KUNZILLA - Godzilla ist was von gestern.

Review: Metallica – Death Magnetic

metallica - death magneticWie angekündigt, werde ich nun meine kritische Meinung zum besten geben.

Ab heute steht Death Magnetic in den Plattenläden und erfreut sich, laut mehrere Quellen, einer bombastischen Beliebtheit.

“Ein wahrer Meilenstein für alte und neue Fans.”

Metallica: “Wie eine Band sich selbst fand”

Die Geschichte von Death Magnetic ist beinahe so lang, wie sie tragisch ist. Das neue Album ist das Produkt einer Band, die bereits ganz oben war, ebenso wie ganz unten. Das neue Album erscheint wie das auferstehen eines Phönix; aus der Asche auferstanden. Metallica hatte im Jahr 2001 ein massives Tief zu beklagen. Jason Newsted, jetztiger Ex-Bassist von Metallica, begann an einem Nebenprojekt zu arbeiten, welches den Namen “Echobrain” trug. Es war eine neue Band mit neuen Mitgliedern und einer neuen Musikrichtung. James Hetfield, Sänger von Metallica, empfand dieses Vorhaben, auch wenn niemand es als eine Gefahr für Metallica gesehen hat, als eine Art “Warnung” und hat Jason zur Wahl gestellt: Metallica oder Echobrain. Jason sah das ganze mit anderen Augen und meinte zu dieser Aufforderung nur: “Es ist schade, dass wir nach all dem was wir durchgemacht haben nicht in der Lage sind uns zu vertragen. Wie sollte dieses kleine Projekt ein Monster wie Metallica schädigen?” Jason verlies Metallica.

Metallica stand zu diesem Zeitpunkt an einem Punkt, wo sich die Mitglieder fragten: Warum machen wir das alles eigentlich noch? Metallica begann mit der Produktion, allerdings ohne richtigen Bassisten, des damals neuen Albums “St. Anger”, welches trotz fehlender Riff’s und den üblichen Texten von Metallica ein Erfolg wurde. St. Anger gilt bis heute als ein “Test für die Band”, oder besser gesagt als Experiment.

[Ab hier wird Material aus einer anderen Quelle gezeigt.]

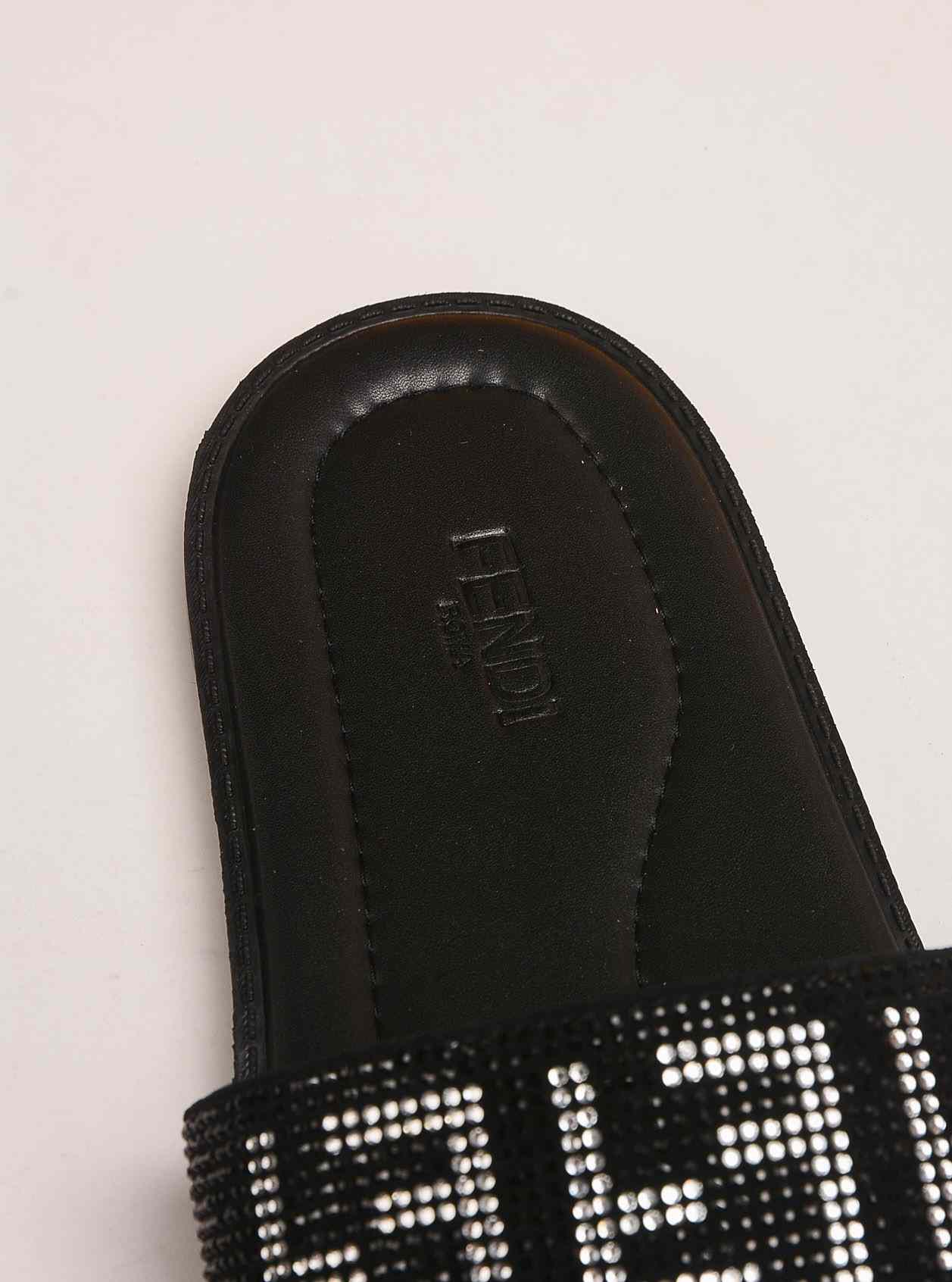 FENDI SLIPPERS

Metallica machte sich auf die Suche nach einem neuen Bassisten. Nach etlichen Soundchecks und vielen Gesichtern aus der Szene, gab es jemanden, der sofort in das Bild und die Vorstellungen von Metallica passte, sein Name lautet Robert Trujillo, ehemaliger Bassist von Ozzy Osbourne. Heute heißt es: Es ist das Mitglied der Band, welches wir seit dem Tod von Cliff Burton nicht mehr hatten.

Metallica begann damit, Robert in die Band zu integrieren. Es folgten etliche Live-Auftritte, auch Rock am Ring 2006 und 2008, bei denen sich Robert bereits sehr gut in die Band integriert hatte.

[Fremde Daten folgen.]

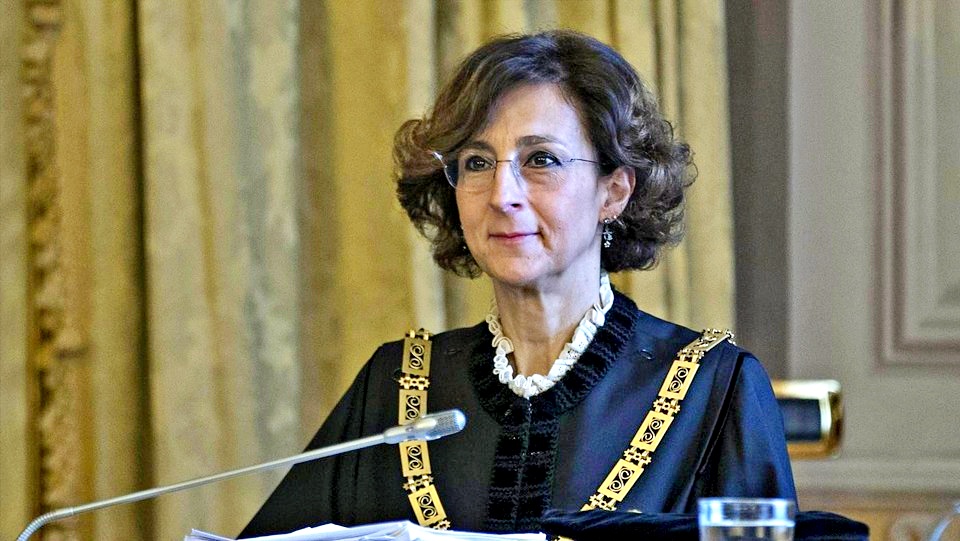 Cartabia eletta presidente, prima donna alla guida della Consulta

2006 begannen bereits die ersten Arbeiten am neuen Album, dem Nachfolger von St. Anger.

Metallica sieht die Arbeit, die Gedanken und den Ehrzeig, der in die Produkt von Death Magnetic geflossen ist, als den gesamten Prozess, den Metallica seit gut 7 Jahren durchgemacht hat. Fallen, kämpfen, aufstehen!

Soviel zu den letzten Jahren von Metallica. Ich denke ich musste einigen mal erklären, warum das neue Album einen solchen ernormen Hype ausgelöst hat und auch noch lange mit sich tragen wird.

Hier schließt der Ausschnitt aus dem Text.